„Wir verhindern Lernen durch Unterricht“

Stefan Ruppaner gilt als einer der radikalsten Schulreformer Deutschlands. An der Alemannenschule im baden-württembergischen Wutöschingen hat er das klassische Schulsystem auf den Kopf gestellt – und zeigt, wie Lernen ohne Unterricht besser funktioniert – auch für Schulen in Südtirol.
Stefan Ruppaner, viele Jahre Schulleiter der Alemannenschule im süddeutschen Wutöschingen, ist kein Mann für halbe Sachen. Wo andere über Reformen reden, hat er sie umgesetzt. An seiner Schule gibt es keine klassischen Klassenräume, keine starren Stundenpläne, keine Noten im herkömmlichen Sinn. Statt Lehrerinnen und Lehrer begleiten „Lernbegleiterinnen“ und „Lernbegleiter“ die Kinder auf individuellen Lernwegen, dokumentiert auf einer digitalen Plattform, sichtbar für Eltern, Lernende und Team.
Die Alemannenschule ist eine Gemeinschaftsschule, die Kinder und Jugendliche von Klasse 1 bis 13 begleitet – sie gilt heute als eine der fortschrittlichsten Schulen Deutschlands und wurde 2019 mit dem Deutschen Schulpreis ausgezeichnet: Sie kombiniert Selbstorganisation, Coaching und digitale Lernprozesse – und erreicht mit diesem Ansatz in Vergleichsarbeiten regelmäßig überdurchschnittliche Ergebnisse.
Ihr Erfolg spricht sich herum. Regelmäßig reisen auch Delegationen aus Südtirol nach Wutöschingen, um sich das Raum-Zeit-Konzept mit Marktplatz und Lernatelier, die Coaching-Struktur und die „Schmetterlingspädagogik“ anzusehen. Derzeit ist Ruppaner selbst in Südtirol unterwegs: im Schloss Rechtenthal für die Deutsche Bildungsdirektion, an der Grundschule Auer, an der Sozialwissenschaftlichen Fachoberschule Bozen und zwei Tage in der pädagogischen Abteilung der Bildungsdirektion. Überall stellt er dieselbe Frage: Wie verwandeln wir die Schule vom Ort des Lehrens in einen Ort des Lernens?
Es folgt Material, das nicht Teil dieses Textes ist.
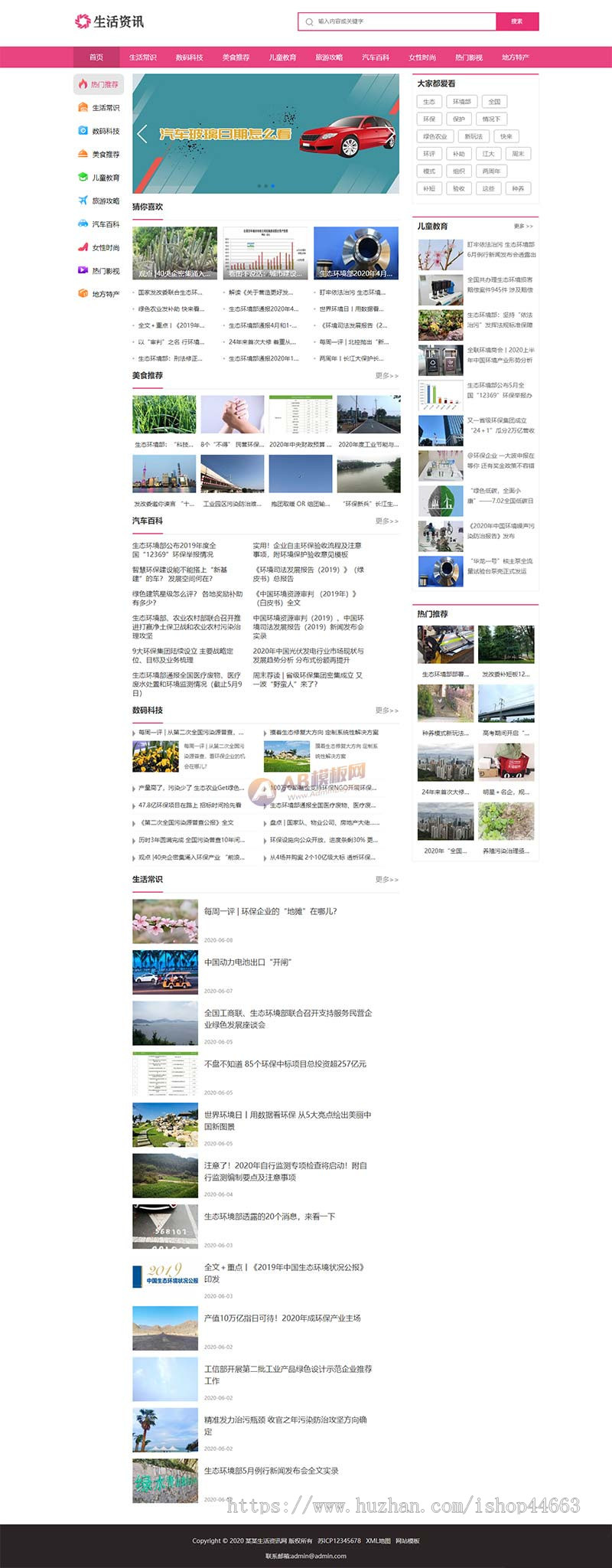 （PC+WAP）生活资讯百科门户类网站pbootcms模板 粉色生活门户网站源码下载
Wenn Ruppaner sagt, „Unterricht ist Zeitverschwendung“, dann meint er das wörtlich. Im Gespräch erklärt er, warum Vertrauen mehr bewirkt als Kontrolle, warum Fehler erwünscht sind – und warum die Schule nur dann Zukunft hat, wenn sie die Kinder wirklich ernst nimmt.
INFO: Herr Ruppaner, Sie haben einmal gesagt: „Unterricht ist Zeitverschwendung.“ Warum?
Stefan Ruppaner: Weil der Unterricht den Kindern die Zeit zum Lernen nimmt. Meine Tochter hat mir oft gesagt: „Papa, schreib mir eine Entschuldigung, ich bleibe heute zu Hause, ich will lernen.“ Und sie war damit nicht allein – viele Jugendliche sagen das. Sie schwänzen die Schule, um wirklich lernen zu können. Daran sieht man, wie absurd das System ist: Wir nehmen den Kindern ihre Lernzeit, weil wir sie in Strukturen pressen, die ihnen fremd sind.
Was hat Sie persönlich dazu bewegt, Schule so radikal neu zu denken? Gab es ein Schlüsselerlebnis?
Ja. 2007 sah ich zufällig im Fernsehen den Film „Treibhäuser der Zukunft“ von Reinhard Kahl. Darin wurden Schulen gezeigt, an denen Achtklässler selbstständig lernten – ohne Frontalunterricht. Ich hielt das zunächst für eine Inszenierung. Dann bin ich an die Bodenseeschule in Friedrichshafen gefahren, um es mit eigenen Augen zu sehen. Und dort habe ich verstanden: Es geht wirklich. Man kann eine Schule bauen, in der das Lernen im Mittelpunkt steht – nicht das Lehren.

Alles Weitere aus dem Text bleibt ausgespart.